Pictures excluded, please retype exactly the lines from the start of the data through the line that contains "Ceramic Cat Food", both ends kept, and nothing beyond them.

[Items from a dataset]
---
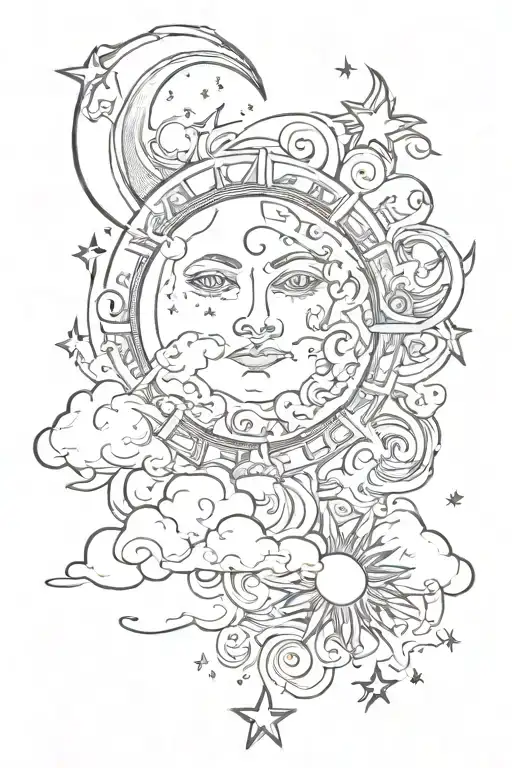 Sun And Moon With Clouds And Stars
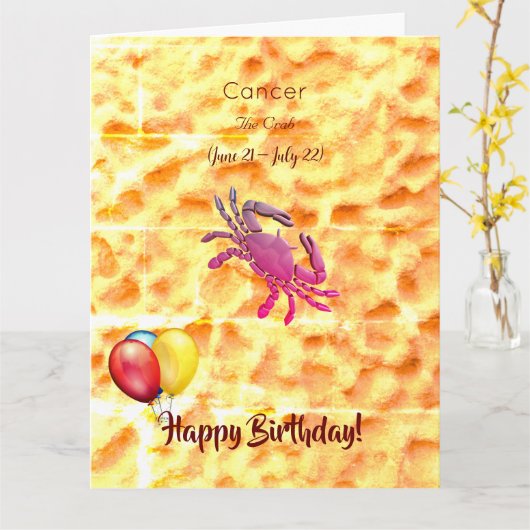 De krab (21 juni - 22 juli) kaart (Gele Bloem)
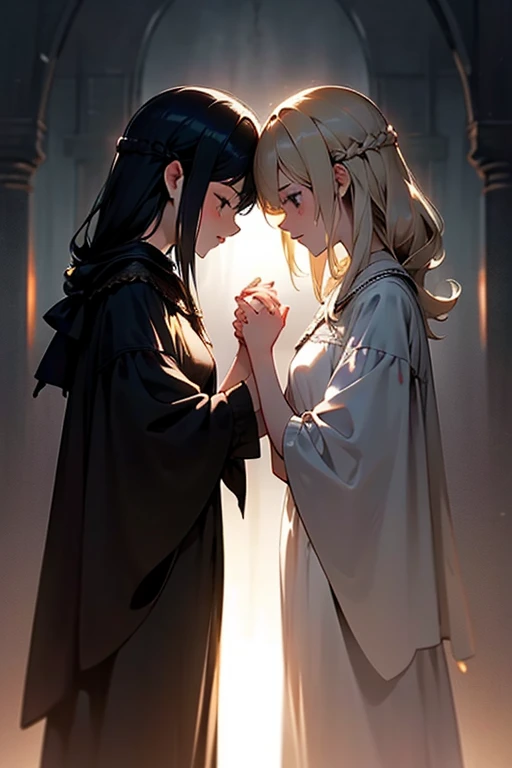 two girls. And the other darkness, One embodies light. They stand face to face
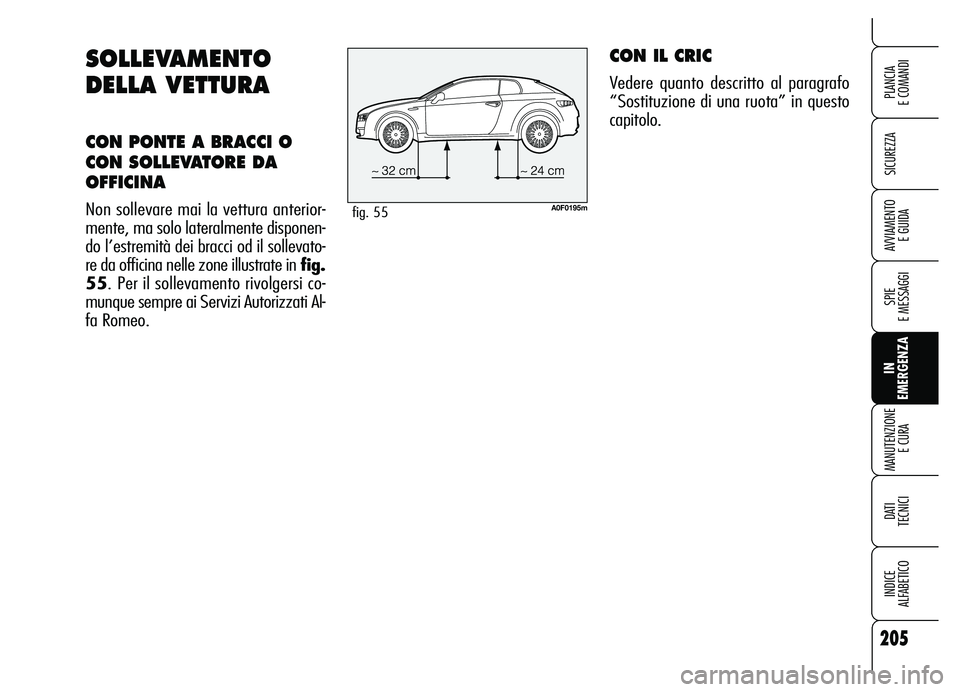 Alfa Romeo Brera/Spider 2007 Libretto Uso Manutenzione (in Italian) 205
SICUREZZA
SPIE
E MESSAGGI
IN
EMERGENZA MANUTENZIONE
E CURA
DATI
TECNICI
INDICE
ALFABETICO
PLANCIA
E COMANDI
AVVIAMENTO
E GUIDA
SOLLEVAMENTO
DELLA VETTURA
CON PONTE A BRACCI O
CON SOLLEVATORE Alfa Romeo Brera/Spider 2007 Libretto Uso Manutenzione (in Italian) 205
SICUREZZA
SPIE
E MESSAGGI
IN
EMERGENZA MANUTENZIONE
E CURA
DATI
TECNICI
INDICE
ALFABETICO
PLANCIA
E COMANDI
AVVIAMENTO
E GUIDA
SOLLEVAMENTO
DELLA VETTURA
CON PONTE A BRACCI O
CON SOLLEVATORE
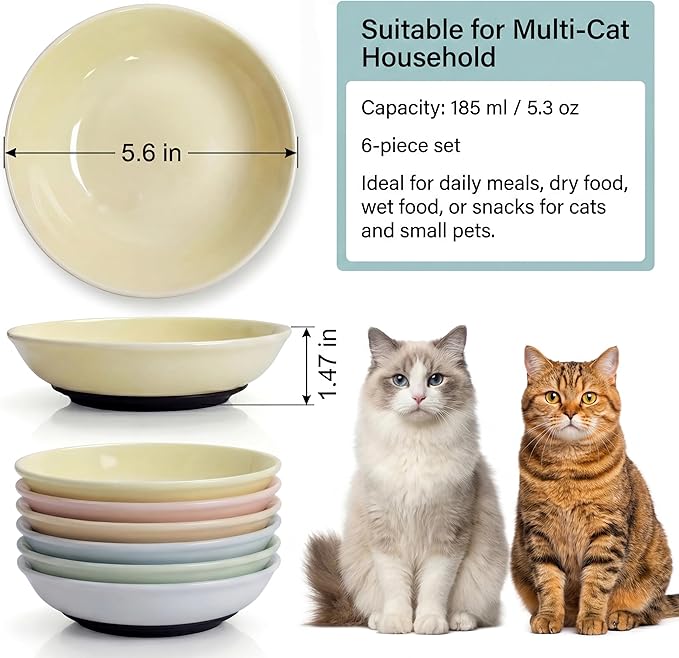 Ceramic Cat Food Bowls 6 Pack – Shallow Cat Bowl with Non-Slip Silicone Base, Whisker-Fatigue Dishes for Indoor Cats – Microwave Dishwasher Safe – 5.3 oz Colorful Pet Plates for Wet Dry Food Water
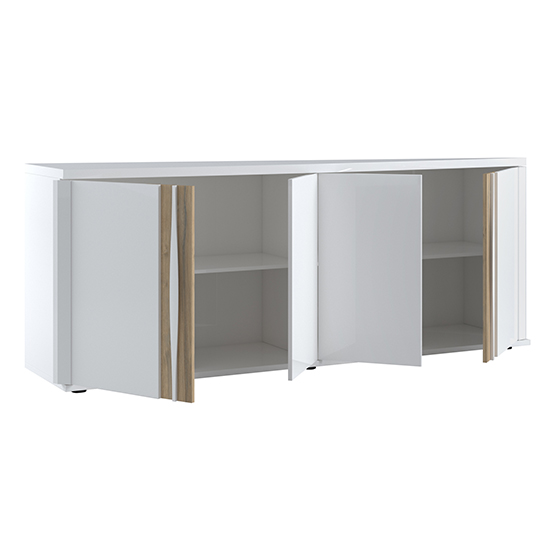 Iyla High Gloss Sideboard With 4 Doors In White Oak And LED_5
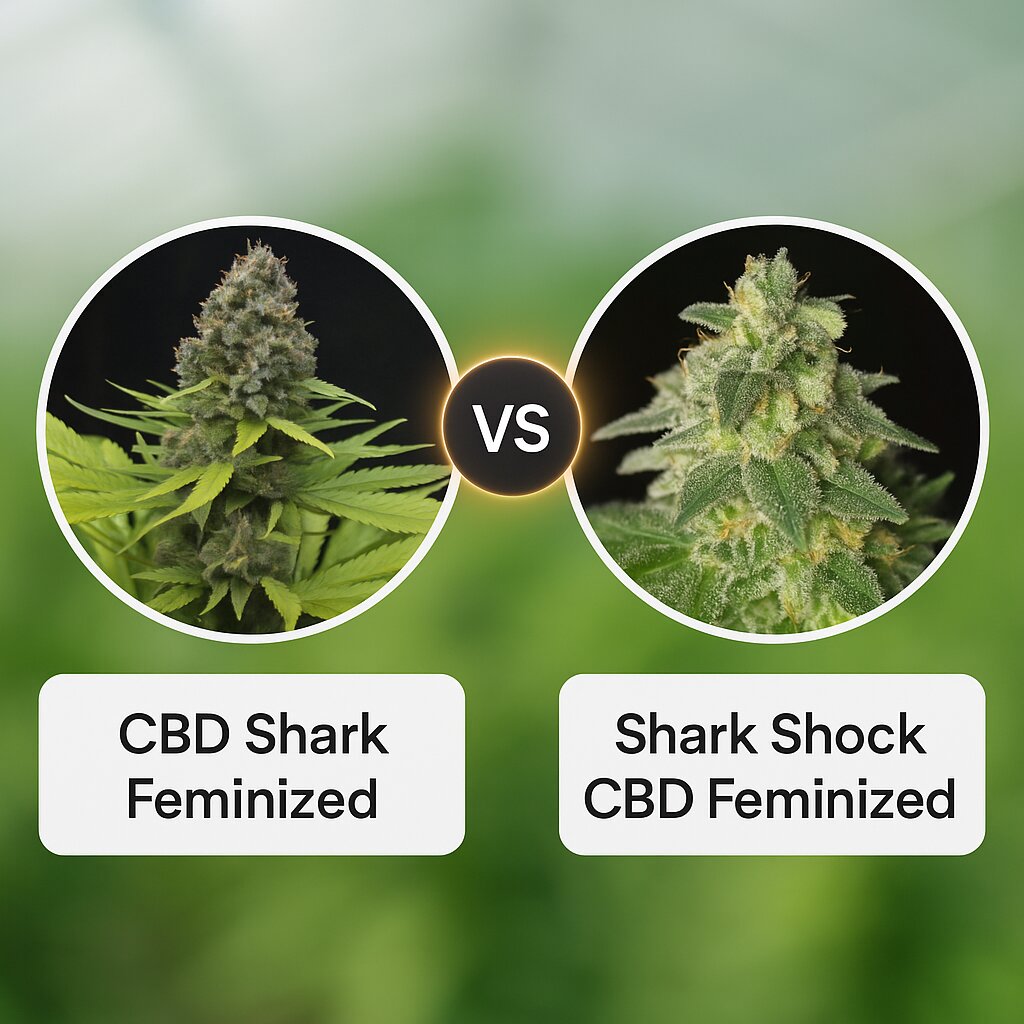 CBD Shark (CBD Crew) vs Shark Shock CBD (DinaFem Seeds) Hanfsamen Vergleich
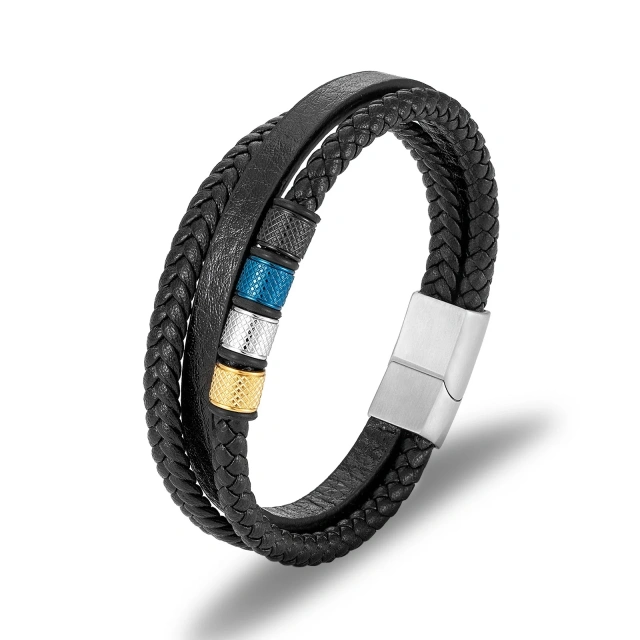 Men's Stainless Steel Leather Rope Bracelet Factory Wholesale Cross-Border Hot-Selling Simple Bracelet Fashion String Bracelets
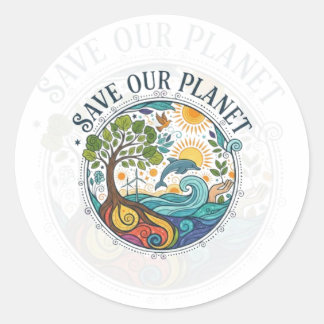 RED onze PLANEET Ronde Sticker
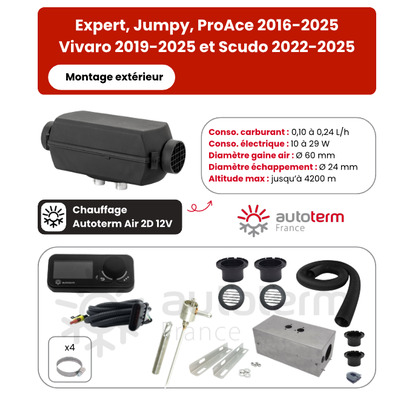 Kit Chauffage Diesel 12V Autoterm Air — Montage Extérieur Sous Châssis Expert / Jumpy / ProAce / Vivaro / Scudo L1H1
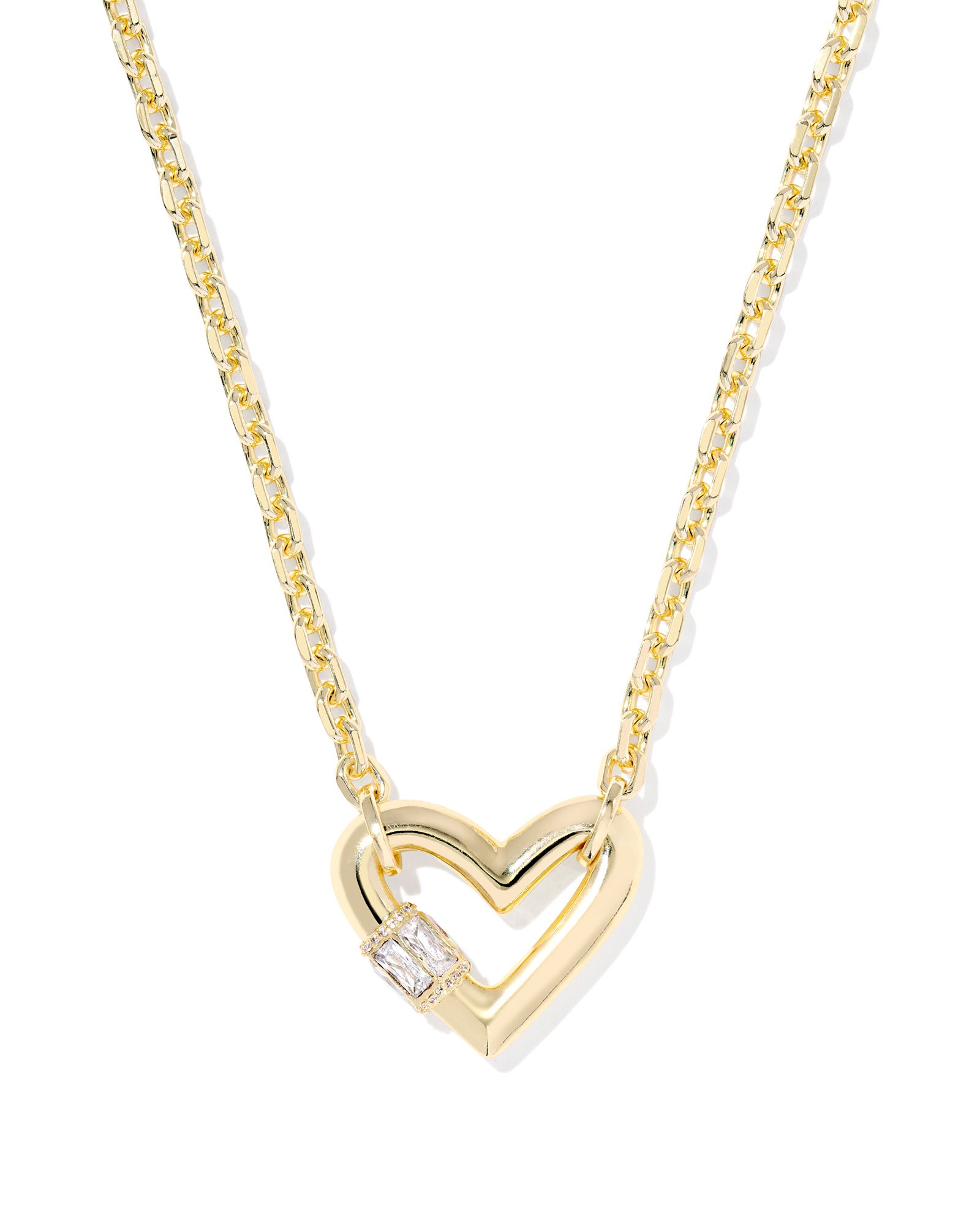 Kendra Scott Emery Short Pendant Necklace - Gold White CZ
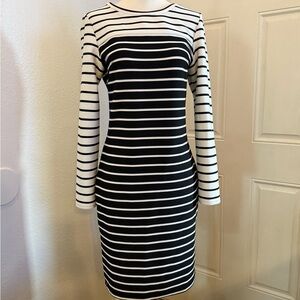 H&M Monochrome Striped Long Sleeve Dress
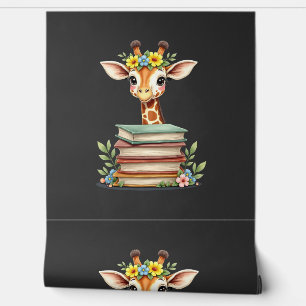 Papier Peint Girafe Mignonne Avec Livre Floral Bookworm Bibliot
---
Solution:
 Sun And Moon With Clouds And Stars
 De krab (21 juni - 22 juli) kaart (Gele Bloem)
 two girls. And the other darkness, One embodies light. They stand face to face
 Alfa Romeo Brera/Spider 2007 Libretto Uso Manutenzione (in Italian) 205
SICUREZZA
SPIE
E MESSAGGI
IN
EMERGENZA MANUTENZIONE
E CURA
DATI
TECNICI
INDICE
ALFABETICO
PLANCIA
E COMANDI
AVVIAMENTO
E GUIDA
SOLLEVAMENTO
DELLA VETTURA
CON PONTE A BRACCI O
CON SOLLEVATORE Alfa Romeo Brera/Spider 2007 Libretto Uso Manutenzione (in Italian) 205
SICUREZZA
SPIE
E MESSAGGI
IN
EMERGENZA MANUTENZIONE
E CURA
DATI
TECNICI
INDICE
ALFABETICO
PLANCIA
E COMANDI
AVVIAMENTO
E GUIDA
SOLLEVAMENTO
DELLA VETTURA
CON PONTE A BRACCI O
CON SOLLEVATORE
 Ceramic Cat Food Bowls 6 Pack – Shallow Cat Bowl with Non-Slip Silicone Base, Whisker-Fatigue Dishes for Indoor Cats – Microwave Dishwasher Safe – 5.3 oz Colorful Pet Plates for Wet Dry Food Water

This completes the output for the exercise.